As a distant third, gun control. (Yes, gun control. Spillius seemed shocked that
"A pro-gun group even argued that if all students had been allowed to carry guns
on campus, Seung-hui Cho would have caused less carnage." But what about that
argument?) [PVC: HMMMM - I wonder who made that statement? ;-)]

In a saner society, someone like Cho would not have been allowed to drift like
an unexploded grenade through a large anonymous state college system.

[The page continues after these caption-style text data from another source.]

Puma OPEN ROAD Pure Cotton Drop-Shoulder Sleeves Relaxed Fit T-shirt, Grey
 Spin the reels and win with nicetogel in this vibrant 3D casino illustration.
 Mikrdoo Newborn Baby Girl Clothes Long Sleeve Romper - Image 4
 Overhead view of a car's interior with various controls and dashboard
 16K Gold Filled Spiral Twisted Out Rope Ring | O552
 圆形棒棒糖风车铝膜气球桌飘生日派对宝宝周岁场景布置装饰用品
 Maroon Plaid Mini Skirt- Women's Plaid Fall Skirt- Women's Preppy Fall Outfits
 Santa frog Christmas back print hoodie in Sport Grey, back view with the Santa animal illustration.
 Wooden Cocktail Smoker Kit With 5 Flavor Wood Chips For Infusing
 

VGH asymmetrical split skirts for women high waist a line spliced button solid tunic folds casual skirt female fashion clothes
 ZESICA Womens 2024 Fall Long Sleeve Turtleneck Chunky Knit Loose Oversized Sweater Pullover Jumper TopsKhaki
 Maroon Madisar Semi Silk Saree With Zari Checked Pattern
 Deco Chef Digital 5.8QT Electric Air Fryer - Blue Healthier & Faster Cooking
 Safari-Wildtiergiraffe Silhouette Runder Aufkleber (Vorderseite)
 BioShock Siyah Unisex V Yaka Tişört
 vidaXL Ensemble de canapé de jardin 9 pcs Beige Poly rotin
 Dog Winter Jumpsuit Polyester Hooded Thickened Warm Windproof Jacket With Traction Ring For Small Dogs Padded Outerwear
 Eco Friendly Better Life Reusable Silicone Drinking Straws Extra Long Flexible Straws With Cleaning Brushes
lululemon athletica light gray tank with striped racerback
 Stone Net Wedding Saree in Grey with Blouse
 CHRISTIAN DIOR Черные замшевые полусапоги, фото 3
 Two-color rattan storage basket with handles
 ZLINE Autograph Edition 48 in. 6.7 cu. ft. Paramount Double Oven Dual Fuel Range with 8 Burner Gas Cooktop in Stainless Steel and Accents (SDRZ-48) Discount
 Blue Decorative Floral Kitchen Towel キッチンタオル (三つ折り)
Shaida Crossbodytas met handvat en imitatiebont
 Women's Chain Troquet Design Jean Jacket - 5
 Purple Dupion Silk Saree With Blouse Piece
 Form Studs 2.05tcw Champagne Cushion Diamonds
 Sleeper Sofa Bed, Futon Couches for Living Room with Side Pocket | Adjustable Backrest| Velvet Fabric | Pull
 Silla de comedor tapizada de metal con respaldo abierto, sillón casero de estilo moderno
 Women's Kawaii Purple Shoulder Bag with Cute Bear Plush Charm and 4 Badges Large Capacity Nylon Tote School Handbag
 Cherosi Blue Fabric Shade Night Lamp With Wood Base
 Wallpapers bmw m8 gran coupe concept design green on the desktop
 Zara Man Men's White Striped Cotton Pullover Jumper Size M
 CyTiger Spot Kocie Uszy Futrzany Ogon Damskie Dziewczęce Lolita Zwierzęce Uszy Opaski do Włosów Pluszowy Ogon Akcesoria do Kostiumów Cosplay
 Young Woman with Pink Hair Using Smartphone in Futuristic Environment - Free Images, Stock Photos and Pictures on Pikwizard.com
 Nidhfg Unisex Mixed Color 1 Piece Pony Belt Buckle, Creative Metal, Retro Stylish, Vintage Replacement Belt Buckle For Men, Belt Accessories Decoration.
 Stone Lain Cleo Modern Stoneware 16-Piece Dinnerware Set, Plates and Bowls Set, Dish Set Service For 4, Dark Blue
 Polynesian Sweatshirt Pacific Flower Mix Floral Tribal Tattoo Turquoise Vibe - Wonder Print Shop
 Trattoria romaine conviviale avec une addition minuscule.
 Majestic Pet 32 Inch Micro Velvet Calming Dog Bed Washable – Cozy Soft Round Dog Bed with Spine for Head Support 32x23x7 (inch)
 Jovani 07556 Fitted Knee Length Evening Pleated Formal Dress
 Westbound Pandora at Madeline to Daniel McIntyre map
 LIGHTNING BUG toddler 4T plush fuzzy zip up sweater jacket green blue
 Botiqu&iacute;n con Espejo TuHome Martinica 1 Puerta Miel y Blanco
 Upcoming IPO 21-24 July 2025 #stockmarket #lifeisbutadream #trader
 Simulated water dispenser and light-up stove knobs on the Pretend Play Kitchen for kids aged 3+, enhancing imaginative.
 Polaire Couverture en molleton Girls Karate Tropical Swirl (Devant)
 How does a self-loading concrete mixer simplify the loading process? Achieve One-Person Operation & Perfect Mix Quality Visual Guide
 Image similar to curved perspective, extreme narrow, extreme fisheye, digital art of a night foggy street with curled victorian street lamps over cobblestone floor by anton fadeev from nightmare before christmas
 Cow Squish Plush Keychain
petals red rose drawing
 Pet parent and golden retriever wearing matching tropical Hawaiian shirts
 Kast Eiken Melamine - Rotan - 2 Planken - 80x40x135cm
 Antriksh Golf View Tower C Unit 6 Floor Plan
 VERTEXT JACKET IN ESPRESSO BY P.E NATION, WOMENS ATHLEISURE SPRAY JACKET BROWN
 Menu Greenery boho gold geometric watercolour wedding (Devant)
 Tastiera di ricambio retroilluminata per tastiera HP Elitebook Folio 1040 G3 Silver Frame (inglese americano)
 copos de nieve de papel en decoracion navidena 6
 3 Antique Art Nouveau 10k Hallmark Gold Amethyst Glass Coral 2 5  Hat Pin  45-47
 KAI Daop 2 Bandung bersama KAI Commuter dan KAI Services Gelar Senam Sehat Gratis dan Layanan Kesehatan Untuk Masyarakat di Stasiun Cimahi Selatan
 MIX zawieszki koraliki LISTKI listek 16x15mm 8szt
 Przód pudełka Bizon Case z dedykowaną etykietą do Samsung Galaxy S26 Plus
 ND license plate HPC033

Cho's behavior had been worrying to friends and family since early childhood.
Once he got to college, his behavior was terrifying to nearly everyone who
encountered him. He sat in class for semester after semester wearing dark
glasses, refusing to speak, and using his cell-phone to take pictures of his
teachers or classmates. When he did write things -- as he was supposed to as an
English major -- they were "like something out of a nightmare," a classmate
said. "The plays had really twisted, macabre violence that used weapons I
wouldn't have even thought of."

Students transferred out of classes he was in; one teacher refused to have him
in her class. The head of the creative-writing department found him so
disturbing that she contacted police, but without an "explicit threat" (try
defining that in a courtroom with lawyers determined to find violation of civil
rights) the police could not do anything. One policeman later commented that
rules designed to "protect our civil liberties become so imbalanced with one
another...that their effect is to inhibit police from further investigation.
They may even punish police criminally for making further inquiries about the
mental state of a person like the Virginia Tech shooter." On a education blog a
college administrator said, "Colleges are sued when we attempt to remove
students who have not exchanged in repeated disruptive behavior."

All the instructor was able to do was "encourage" Cho to go to counseling,
suggest that his "writing was unacceptable and he needed to write in another
voice" and tutor him herself as a way of keeping him out of class. She still
felt it neccessary to keep a door open while he was in the room alone with her
-- just in case.

On the morning of the shooting, after hearing that a killer was at large on
their campus, Cho's classmates began talking with each other "with serious worry
about whether he could be the school shooter." Considering the size of the
Virginia Tech student body and the possiblity that the shooter could have been
one of hundreds of employees or even an outsider, this is significant.

The common thread that emerges is that everyone, in one way or another -- either
by the catchisms of moral relativism, by lawsuit, or by regulation -- felt
inhibited from doing anything.

Several years ago Philip K. Howard, the author of a book titled Life without
Lawyers analyzed the story of Charles Cullen, the male nurse who came to be
known as "the most prolific serial killer in New Jersey history."

"During his 16-year nursing career," Howard wrote, "Cullen was able to move from
one hospital to another ... because fear of litigation prevented those hospitals
from giving him a bad reference. Co-workers observed his strange behavior, and
caught him in rooms of patients with medications that weren't appropriate. But
they didn't know he was murdering people, and couldn't prove that he was doing
something illegal. So the hospitals would eventually let him go, and, when the
next hospital in line asked for a reference, merely gave the stock response of
all employers nowadays: 'We confirm that he worked here from this to that
date.'"

We don't know enough yet about the Mclendon case, but I have a feeling we will
find much the same syndrome in McClendon's life.

Incidentally, Cullen killed far more people than McClendon or Cho but his weapon
was a hypodermic needle filled with overdose-levels of medication. Doesn't that
show that someone determinted to kill others will find a way?